Frequentemente, as uvas para essas produções privadas são recolhidas dos cachos que, depois da vindima, ficaram esquecidos nas vinhas dos maiores viticultores, na maior parte dos casos com o consentimento tácito destes. O chamado “rabisco das uvas” é uma tradição ancestral que permite aos muitos que não possuem terra e vinha próprias, continuar a fazer e desfrutar do seu vinho.

Uma grande parte das tabernas do Alentejo (e entre elas muitas que se transformaram em restaurantes famosos) mantém a produção do vinho de talha. Aqui, não se trata já de vinificar para consumir em casa mas sim de uma atividade comercial alicerçada numa tradição. Os vinhos são feitos na taberna ou restaurante e vendidos no balcão ou à mesa, acompanhando também o crescente interesse dos produtores alentejanos pelos vinhos de talha e a instalação destas vasilhas de barro em algumas modernas adegas, levou à introdução no processo de algumas técnicas e equipamentos que visam facilitar o trabalho sem adulterar a essência da vinificação em talha.
COMO SE FAZ VINHO DE TALHA NO SÉCULO XXI?
O essencial da vinificação em talha pouco mudou em mais de dois mil anos. Em traços gerais, as uvas previamente esmagadas são colocadas dentro das talhas de barro e a fermentação ocorre espontaneamente.
O mundo do vinho tem evoluído muito. Hoje há formas sofisticadíssimas de o fazer e, no entanto, no meio do Alentejo há quem repita gestos que se fazem nesta região há dois mil anos.
O vinho da talha, como os romanos faziam, está na moda, em Portugal e no mundo.

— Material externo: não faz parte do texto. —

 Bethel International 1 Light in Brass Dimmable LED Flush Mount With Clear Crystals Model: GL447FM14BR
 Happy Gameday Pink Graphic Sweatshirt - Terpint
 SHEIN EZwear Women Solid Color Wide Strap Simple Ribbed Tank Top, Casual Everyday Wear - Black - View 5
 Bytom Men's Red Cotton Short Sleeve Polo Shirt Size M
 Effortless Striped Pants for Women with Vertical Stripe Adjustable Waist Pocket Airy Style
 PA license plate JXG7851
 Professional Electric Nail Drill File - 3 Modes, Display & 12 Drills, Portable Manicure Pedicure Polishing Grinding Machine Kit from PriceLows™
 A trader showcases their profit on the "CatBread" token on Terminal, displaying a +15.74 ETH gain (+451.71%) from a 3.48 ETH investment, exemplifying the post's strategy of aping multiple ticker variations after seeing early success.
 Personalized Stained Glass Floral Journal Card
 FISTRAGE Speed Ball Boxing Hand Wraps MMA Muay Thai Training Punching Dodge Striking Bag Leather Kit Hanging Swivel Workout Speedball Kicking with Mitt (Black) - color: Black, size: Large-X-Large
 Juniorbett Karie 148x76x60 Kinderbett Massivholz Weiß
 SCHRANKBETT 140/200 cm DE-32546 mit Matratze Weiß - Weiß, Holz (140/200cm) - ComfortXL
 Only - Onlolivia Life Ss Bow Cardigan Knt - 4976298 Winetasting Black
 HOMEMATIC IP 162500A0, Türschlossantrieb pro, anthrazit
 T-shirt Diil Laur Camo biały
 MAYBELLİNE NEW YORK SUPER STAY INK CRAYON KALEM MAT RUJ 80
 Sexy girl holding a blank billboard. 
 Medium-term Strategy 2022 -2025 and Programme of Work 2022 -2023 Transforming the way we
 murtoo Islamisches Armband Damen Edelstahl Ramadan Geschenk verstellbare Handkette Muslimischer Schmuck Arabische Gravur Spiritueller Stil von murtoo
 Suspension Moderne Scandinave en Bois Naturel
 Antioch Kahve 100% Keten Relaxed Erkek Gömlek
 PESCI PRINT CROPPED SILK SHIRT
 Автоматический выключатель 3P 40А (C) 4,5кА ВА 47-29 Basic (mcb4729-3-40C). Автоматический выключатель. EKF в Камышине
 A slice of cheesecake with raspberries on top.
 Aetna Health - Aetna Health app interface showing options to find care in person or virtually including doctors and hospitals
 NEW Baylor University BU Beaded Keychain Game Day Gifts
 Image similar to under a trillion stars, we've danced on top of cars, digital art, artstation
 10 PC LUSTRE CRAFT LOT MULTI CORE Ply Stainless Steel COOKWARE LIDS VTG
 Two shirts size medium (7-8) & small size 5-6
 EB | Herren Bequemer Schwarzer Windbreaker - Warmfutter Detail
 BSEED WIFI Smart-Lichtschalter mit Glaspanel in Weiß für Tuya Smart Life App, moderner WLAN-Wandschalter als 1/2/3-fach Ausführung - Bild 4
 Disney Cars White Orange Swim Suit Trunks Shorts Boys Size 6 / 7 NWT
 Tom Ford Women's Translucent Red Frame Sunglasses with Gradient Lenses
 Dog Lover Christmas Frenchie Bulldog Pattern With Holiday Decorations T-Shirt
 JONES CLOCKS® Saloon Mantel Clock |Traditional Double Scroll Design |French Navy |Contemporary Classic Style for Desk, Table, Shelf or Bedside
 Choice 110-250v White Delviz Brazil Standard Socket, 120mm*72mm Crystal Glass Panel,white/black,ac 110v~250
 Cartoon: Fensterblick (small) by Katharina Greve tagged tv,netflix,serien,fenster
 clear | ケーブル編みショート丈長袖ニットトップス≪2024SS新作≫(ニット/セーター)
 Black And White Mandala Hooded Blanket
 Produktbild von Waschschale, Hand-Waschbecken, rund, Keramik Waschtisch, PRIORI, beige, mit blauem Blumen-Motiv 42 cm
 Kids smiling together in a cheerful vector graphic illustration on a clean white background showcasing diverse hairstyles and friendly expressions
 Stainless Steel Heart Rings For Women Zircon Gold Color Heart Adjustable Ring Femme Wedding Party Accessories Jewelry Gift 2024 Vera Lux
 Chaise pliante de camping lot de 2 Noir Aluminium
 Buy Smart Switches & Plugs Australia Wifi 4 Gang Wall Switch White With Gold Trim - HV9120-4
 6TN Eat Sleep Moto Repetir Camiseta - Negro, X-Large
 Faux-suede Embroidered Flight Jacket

Para quem tem formação de enologia moderna, talvez seja mais correto dizer desaprender. O maior desafio é conseguir não fazer nada. A tentação de intervir é muito grande. Estes são vinhos com uma intervenção mínima e características um pouco diferentes. Têm uma acidez volátil mais alta, algumas notas de oxidação, são vinhos que têm que ser explicados para serem compreendidos. São vinhos de nicho.
Outro grande desafio dos enólogos foi encontrar as talhas. Apesar de a produção de vinho nunca ter sido interrompida e de as talhas fazerem parte da paisagem de muitas tabernas tradicionais alentejanas, durante muito tempo o vinho da talha não foi valorizado.
Uma das consequências desse desinteresse foi o desaparecimento de imensas talhas, algumas destruídas pelos proprietários. A ironia é que hoje são os grandes produtores que andam à procura de talhas e já ninguém as fabrica.
A seguir foi preciso “pezgar”, ou seja, colocar o pez, ou cera de abelha, no interior das talhas, garantindo que estas mantêm a porosidade necessária para haver micro-oxigenação. A técnica, que já poucos dominam, consiste em revestir o interior com uma mistura líquida feita à base de resina de pinheiro (o pez) ou cera de abelha.
As uvas são desengaçadas “para evitar o excesso de aromas herbáceos” (a decisão de tirar o engaço, ou seja, a parte lenhosa, depende de cada produtor e cada região, havendo quem deixe pelo menos parte e quem o retire totalmente), depois esmagadas e por fim colocadas dentro da talha para fermentar.
Depois dessa fase, fecham as talhas com uma proteção de plástico. Havia quem pusesse azeite no topo para proteger o vinho, mas como o azeite ao oxidar pode ficar rançoso, alguns não o utilizam medo de contaminar o vinho. No entanto, há sempre alguma entrada de oxigénio e, logo, alguma oxidação. Isso nota-se particularmente, no caso dos brancos, na cor, muito mais dourada.

Durante a fase de fermentação é preciso mexer a manta, a parte sólida formada pelas películas e, eventualmente, o engaço dentro da talha pelo menos duas vezes ao dia. Sobe-se para uma escada ou para a borda da talha e empurra-se a manta para baixo, uma tarefa pesada mas essencial para evitar que a talha arrebente pela pressão do gás carbônico que se vai acumular no interior, empurrando a massa para cima até ela fazer um efeito de rolha.
Terminada a fermentação alcoólica, quando o gás se dissipa, as massas caem naturalmente até ao fundo, onde vão servir de filtro quando se extrair o vinho, após cerca de mais dois meses de maceração.